This is promising. It's a good start on a photo of Gus Johnson's galaxy. Again, I'm not sure what will show up in the 8-bit web version of this image, but in the original 16-bit TIFF on a calibrated monitor, the outer whorls of M100 are surprisingly conspicuous as are a scattering of faint background galaxies throughout the field.

I went looking for pages that related sky brightness as manifested in CCD backgrounds to those measured by a Sky Quality Meter. Here's a useful URL for that:

http://www.stanmooreastro.com/StandardBackground_mag.html

That's so I don't misplace it. I'll gather up the optimum exposure calculator(s) here eventually and probably insert a mind-numbing, eye-glazing table to relate exposure times, SQM readings, and CCD background counts. You've been warned.

Here's a great exposure calculator:

http://www.ccdware.com/resources/subexposure.cfm

 

06/01/2013. Allow me to horn in here with an out of order post. I want to show this M100 photo near the one above. Here's a stack of (only) 30, 1-minute exposures:

m100

M100
30x60s L, (30m total)
AT10RC @ F4.8

 

And that, I think settles that: under my skies and with this camera, short luminance subframes are at no disadvantage to longer ones (just like the math said). I wanted 85, 60-second subs so I could do a direct comparison with the image comprised of 17, 300-second subs shown before (both would be 85 minute exposures), but with just over one third the exposure time, I think the second image is very, very similar, actually superior in some ways, inferior in others. The background is not as smooth, the stars are tighter, the fainter fuzzies seem a little harsher -- but it's a third of the exposure. The detail within the bright spiral arms may suffer some. I actually captured close to 90 frames, but the sky was hazy and occasionally overcast. I threw most of the images away and used only the 30 best.

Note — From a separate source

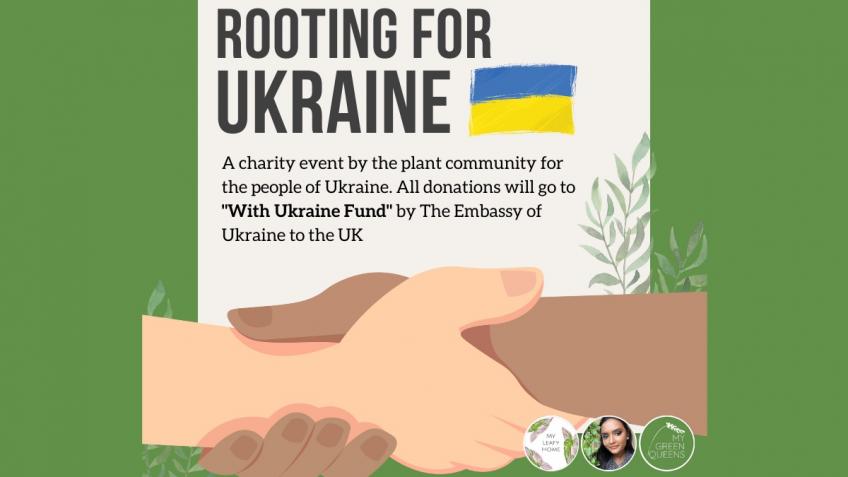 Rooting for Ukraine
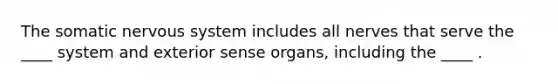 The somatic <a href='https://www.questionai.com/knowledge/kThdVqrsqy-nervous-system' class='anchor-knowledge'>nervous system</a> includes all nerves that serve the ____ system and exterior sense organs, including the ____ .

After messing with the calculator links above and spending far too long in Excel, I've derived the following general guidelines for the use of five different sub exposures. The relation between average background counts and recommended subexposures looks good. Use that part of the table like this: take a 60s exposure, measure the average background, look up the appropriate sub-exposure. But I'm not entirely sure that the SQM readings (mag per square arc second) match up with the average background counts very well. [D'oh! The backgrounds probably need to be after dark subtraction. Think on this.] The intent is to use the SQM columns like this: "if the SQM reads 18.0, and you intend to use the F4.8 focus, then take 300s subexposures; if you intend to use the native F8 focus, use 900s subs." I'll check the computations, but I foresee a lab exercise in my future to validate the relationship between Sky Quality Meter readings and average background counts. In the meantime, this:

 

Avg Bkg in 60s
Find SQM here
if using F4.8
Find SQM here
if using F8
Recommended
Sub Exp.
< 200
> 19.5
> 18.4
1800s
200 - 320
19.5 - 18.7
18.4 - 17.5
900s
320 - 700
18.7 - 17.6
17.5- 16.5
300s
700 - 1500
17.6 - 16.6
16.5 - 15.5
150s
> 1500
< 16.6
< 15.5
60s

 

And no, I don't really want a function to relate exact sub-exposures to exact sky brightness because to make good use of a particular exposure, I'd need a library of darks for every possible exposure. If it should turn out that I do need more precisely adjusted exposure times, then I suppose bias frames could be used to adjust standard darks. Still... until convinced otherwise, let's stick with these standard exposures. And build a new library of 150s darks.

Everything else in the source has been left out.